Facilitator: David Kramer, Wilson Sonsini Goodrich &
Rosati
Netcom: OSP couldn’t
be strictly liable for copyright infringement for automated copying/display of
content occasioned by users, but contributory liability was available if OSP
knew of infringing activity and failed to take action to prevent it, as was
vicarious liability if there was right and ability to control and profit. Congress
described Netcom as the leading/most
thoughtful opinion on OSP liability and expressed intent to codify it; Judge
Whyte’s opinion became the charter for the internet age.
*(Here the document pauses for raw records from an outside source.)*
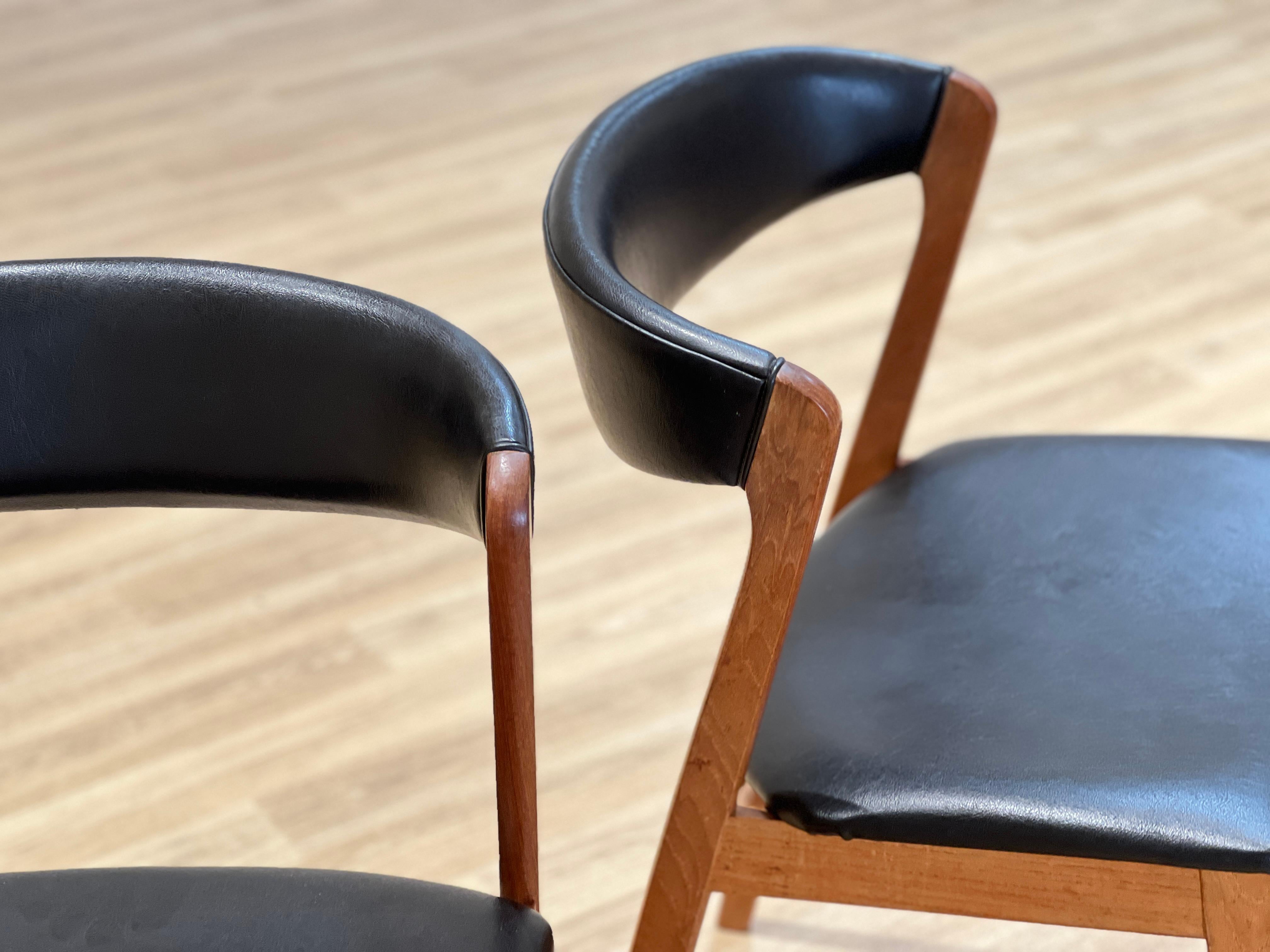 Mid-Century Modern Danish Dining Chairs In Teak By Sax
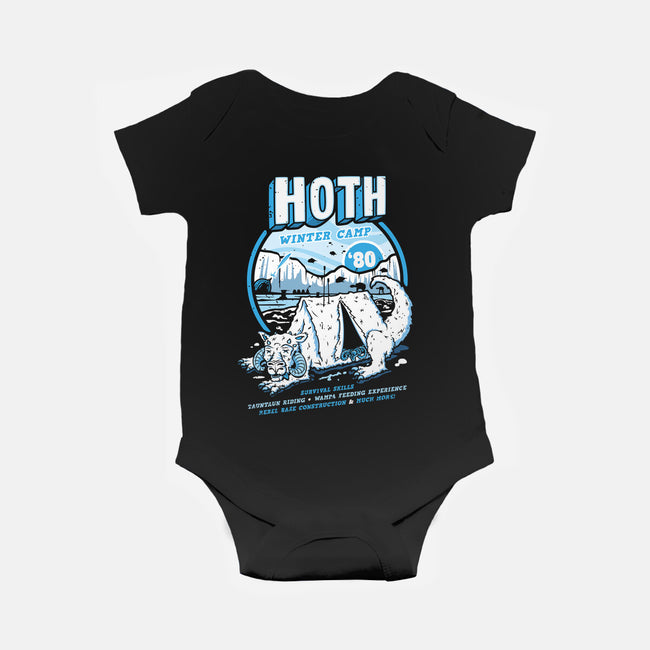 Hoth Winter Camp-Baby-Basic-Onesie-Olipop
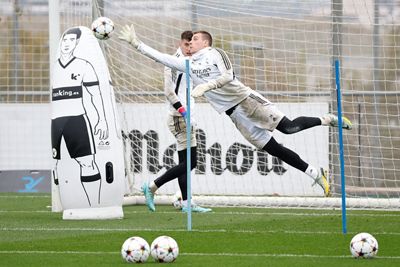 entrenamiento del real madrid
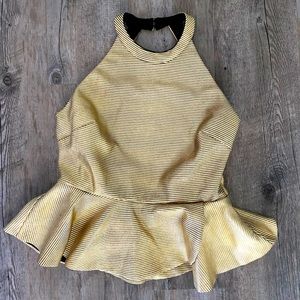 Gold Peplum Top from Asos- Never Worn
Netcom
has been the most important/influential copyright decision in the last 30
years.
Judge Ronald Whyte, Senior United States District Judge,
Northern District of California
Litigants were Scientology/critic; at each other’s throats,
which explains some of the litigation issues raised. Did not want to be result-oriented, but he
thought about what the proper result should be given the analogy of the copy
machine. RTC v. Netcom presented the
pure issue of access provision, as compared to bulletin board cases where the
operator was making money from infringement.
When Congress cites you, you have to wonder whether it’s like being
affirmed by the 9th Circuit.
Kramer: did you give any thought to the result if you didn’t
decide that way?
Judge Whyte: Seemed to make everyone liable. Unrealistic.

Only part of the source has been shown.